Mr Siegel did not make any specific enquiry of his mother as to whether or not insurance cover had been properly obtained, nor did he ask to see the policy, but the sheriff held that his failure to make any enquiry was not necessarily fatal to his position.
Sheriff Mann said: “He relied on his mother to arrange the insurance cover. She made arrangements which turned out not to be effective. The question is whether or not Mr Siegel was entitled to rely on his mother making effective arrangements and whether or not he had any reason to disbelieve that effective arrangements had been made.
“In my view, in the particular circumstances of this case, involving a young man of 18 years of age and his mother, Mr Siegel was entitled to rely on the arrangement that he had made with his mother and in the absence of any intimation by his mother to the contrary he was entitled to assume that the arrangement had proved to be effective. I do not consider that it was necessary for him to make any specific enquiry of his mother or to inspect the policy of insurance before taking to the road.”

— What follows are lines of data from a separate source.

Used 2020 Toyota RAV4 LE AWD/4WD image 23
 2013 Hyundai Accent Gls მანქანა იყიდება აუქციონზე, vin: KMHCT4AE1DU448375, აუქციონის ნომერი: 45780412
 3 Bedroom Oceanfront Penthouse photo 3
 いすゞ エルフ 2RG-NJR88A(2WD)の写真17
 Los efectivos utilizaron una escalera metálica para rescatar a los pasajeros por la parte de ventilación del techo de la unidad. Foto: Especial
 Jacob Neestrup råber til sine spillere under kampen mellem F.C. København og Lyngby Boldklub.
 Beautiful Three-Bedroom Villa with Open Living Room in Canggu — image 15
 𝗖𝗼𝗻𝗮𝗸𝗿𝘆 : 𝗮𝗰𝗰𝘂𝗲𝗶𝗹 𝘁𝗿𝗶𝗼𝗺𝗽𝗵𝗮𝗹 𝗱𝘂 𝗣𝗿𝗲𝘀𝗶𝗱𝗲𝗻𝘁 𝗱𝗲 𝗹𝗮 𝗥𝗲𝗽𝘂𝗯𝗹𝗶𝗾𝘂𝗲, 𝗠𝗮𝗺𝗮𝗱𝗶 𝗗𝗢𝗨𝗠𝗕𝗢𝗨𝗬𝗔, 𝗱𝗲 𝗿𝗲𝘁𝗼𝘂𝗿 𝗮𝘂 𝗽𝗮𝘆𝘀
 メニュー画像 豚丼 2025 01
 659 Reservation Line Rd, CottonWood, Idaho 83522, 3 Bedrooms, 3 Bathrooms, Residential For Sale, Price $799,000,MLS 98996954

The Crown argued that to accept special reasons existed in this case would set a “dangerous precedent”, but the sheriff said he had “no concerns” that his decision would set a precedent.
In a written judgment, Sheriff Mann said: “In terms of section 44 of the Road Traffic Offenders Act 1988 I must endorse Mr Siegel’s licence unless for special reason I think fit not to do so.
“The question whether or not special reasons exist is one of law. There is no discretion involved in answering that question. Either the facts of the case amount, in law, to special reasons or they do not.
“If they do, there is a discretionary power not to endorse. If they do not, then I must endorse.
“Nothing, at this stage, turns on the effect of endorsement on Mr Siegel’s ability to hold on to his licence. There is no discretion to take that into account in determining whether or not special reasons exist.”
He concluded: “In the whole circumstances of this case, I hold special reasons to exist. Accordingly and at this stage noticing that endorsement of even the minimum of six penalty points will have the effect that Mr Siegel, being a recently qualified driver, will have his driving licence revoked, I will exercise my discretion and refrain from endorsing penalty points on Mr Siegel’s licence.”
The sheriff also admonished him for the offence.